I was standing in line at a local convenient store to buy some beer, not paying much attention to anything in particular, looking out the window, waiting for the attractive, young woman in front of me to complete her transaction. As she left the store, the somewhat elderly woman cashier called out, in-between a smoker’s hack, “’preciate yer business,” which to me sounded more sassy than sincere.
When it was finally my turn, I walked up to the register, placed my beer on the counter, and then stood there, waiting to be noticed. The cashier was obviously preoccupied with other priorities. I imagined that this tired-looking person should have long been retired, but she probably had to work just to keep the bills paid and to support a slew of grandkids.
In front of me, shelves were crammed tight with products of no interest to me: the many types of cigarettes, cigars, and chewing tobacco; vaping; quick energy tablets; lottery tickets. Behind me in line, a guy had a slice of pizza in his hand, uncovered, and it was getting cold; I would have at least put the pizza in a small plastic bag to keep it away from the stagnant indoor air that I imagined held the combined exhaled breath from a full day’s complement of customers and staff. Shelves overflowing with chips and candy. Do people really eat so much candy? Then for lack of anything else of interest, my mind slowly began to drift off….

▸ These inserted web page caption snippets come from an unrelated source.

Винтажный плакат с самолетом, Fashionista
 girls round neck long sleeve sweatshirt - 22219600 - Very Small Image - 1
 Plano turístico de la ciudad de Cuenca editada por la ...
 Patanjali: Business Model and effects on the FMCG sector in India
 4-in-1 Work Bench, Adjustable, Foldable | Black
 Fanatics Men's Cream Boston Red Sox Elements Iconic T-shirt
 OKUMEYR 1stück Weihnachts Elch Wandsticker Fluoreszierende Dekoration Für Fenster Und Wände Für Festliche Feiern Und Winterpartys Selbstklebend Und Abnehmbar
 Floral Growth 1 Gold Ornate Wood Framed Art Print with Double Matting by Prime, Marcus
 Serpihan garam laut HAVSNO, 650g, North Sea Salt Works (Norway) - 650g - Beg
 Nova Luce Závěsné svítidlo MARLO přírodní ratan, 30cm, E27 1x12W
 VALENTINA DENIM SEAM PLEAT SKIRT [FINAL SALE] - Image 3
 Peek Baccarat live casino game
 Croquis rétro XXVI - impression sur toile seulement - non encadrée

“Birth date?” the cashier harshly demanded in an instant, without looking up.
“December 3rd, 1956,” I answered, abruptly awakening from my slumbers, irritated at having to divulge personal information for all within earshot.
“Hey, that’s my mother’s birthday!” she replied, and then began hacking again.
“Your MOTHER! Did you say MOTHER!?”
“Yeah, I was born in 1974,” she said with a smile of tar-stained teeth, as I narrowed my eyes and took a much closer look at her. Must have been a hard life, I thought. Then I quickly did the math, and recalled that forty-eight years before, 1974 was the year I graduated from high school!
“Well, 1956 and 1974 were good years all around,” I said.
And she replied with, “Yep, ’preciate yer business.” I left with my 12-pack of Coors Light, wondering whether I should have picked up some Geritol and mineral water instead.